The Congo red assay was performed as previously described to measure the production of exopolysaccharides (67).

Cytotoxicity toward macrophages.

The cytotoxicity of P. aeruginosa strains grown to mid-log phase in LB broth was assayed using J774 macrophages as described previously (68), except that macrophages were infected for 45 min or 2.5 h at a multiplicity of infection (MOI) of 20 for the PAO1 or PA14 strains, respectively.
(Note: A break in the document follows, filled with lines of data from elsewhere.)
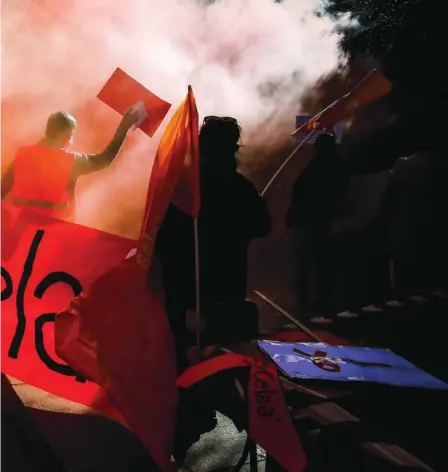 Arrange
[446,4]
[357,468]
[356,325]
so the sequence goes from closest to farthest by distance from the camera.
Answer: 1. [357,468]
2. [356,325]
3. [446,4]

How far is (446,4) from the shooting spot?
2.65 meters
The percentage of lactate dehydrogenase (LDH) release was calculated relative to that of the uninfected control, which was set at 0% LDH release, and that of uninfected cells lysed with Triton X-100, which was set at 100% LDH release.

Statistical analysis.

For multigroup comparisons, a main P value was calculated by analysis of variance (ANOVA) (Stat Plus software), and unpaired Student’s t tests were performed using Excel software (Microsoft) for two-group comparisons.